Records for this exercise.
- - -
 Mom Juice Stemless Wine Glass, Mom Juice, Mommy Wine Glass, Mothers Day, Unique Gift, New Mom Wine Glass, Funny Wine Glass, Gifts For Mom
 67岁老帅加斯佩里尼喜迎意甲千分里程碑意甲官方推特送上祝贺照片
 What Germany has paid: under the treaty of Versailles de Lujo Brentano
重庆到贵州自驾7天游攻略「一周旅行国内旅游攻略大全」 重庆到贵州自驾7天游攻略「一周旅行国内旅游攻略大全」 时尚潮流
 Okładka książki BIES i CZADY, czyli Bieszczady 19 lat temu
- - -
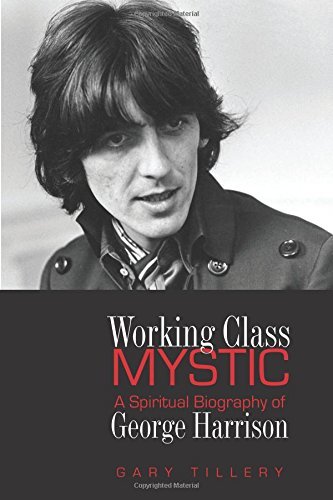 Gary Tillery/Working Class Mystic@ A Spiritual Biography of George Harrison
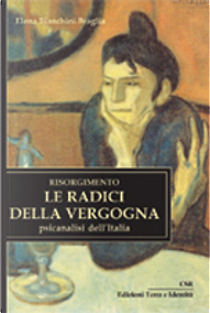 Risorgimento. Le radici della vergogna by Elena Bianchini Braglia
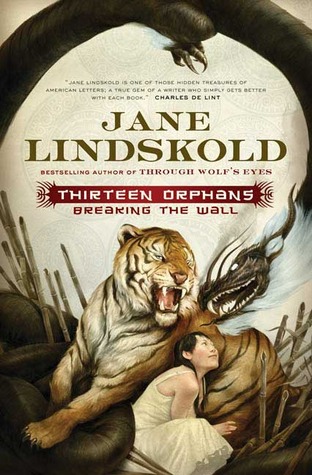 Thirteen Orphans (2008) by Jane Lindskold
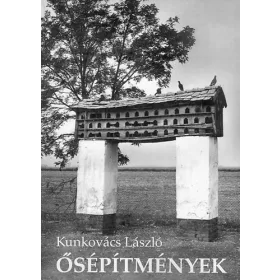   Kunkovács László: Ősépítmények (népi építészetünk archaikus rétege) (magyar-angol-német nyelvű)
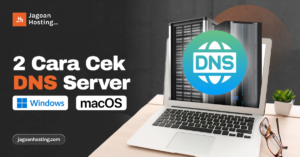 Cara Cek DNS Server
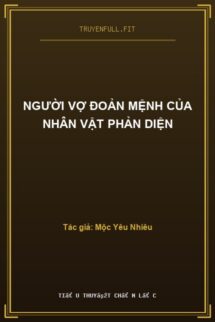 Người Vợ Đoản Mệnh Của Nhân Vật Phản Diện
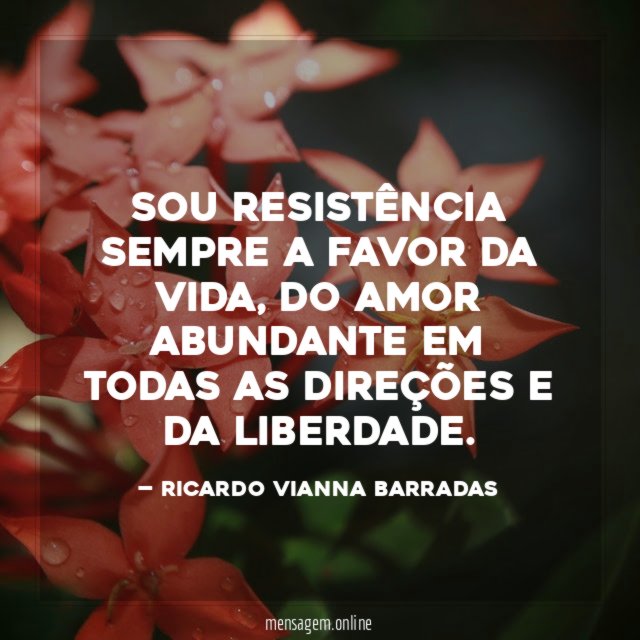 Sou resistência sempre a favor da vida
- - -
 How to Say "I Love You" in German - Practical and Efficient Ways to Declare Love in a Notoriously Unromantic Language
- - -
Reproduce only the lines above spanning from the line containing "Mom Juice Stemless" through the line containing "What Germany has", word for word.

 Mom Juice Stemless Wine Glass, Mom Juice, Mommy Wine Glass, Mothers Day, Unique Gift, New Mom Wine Glass, Funny Wine Glass, Gifts For Mom
 67岁老帅加斯佩里尼喜迎意甲千分里程碑意甲官方推特送上祝贺照片
 What Germany has paid: under the treaty of Versailles de Lujo Brentano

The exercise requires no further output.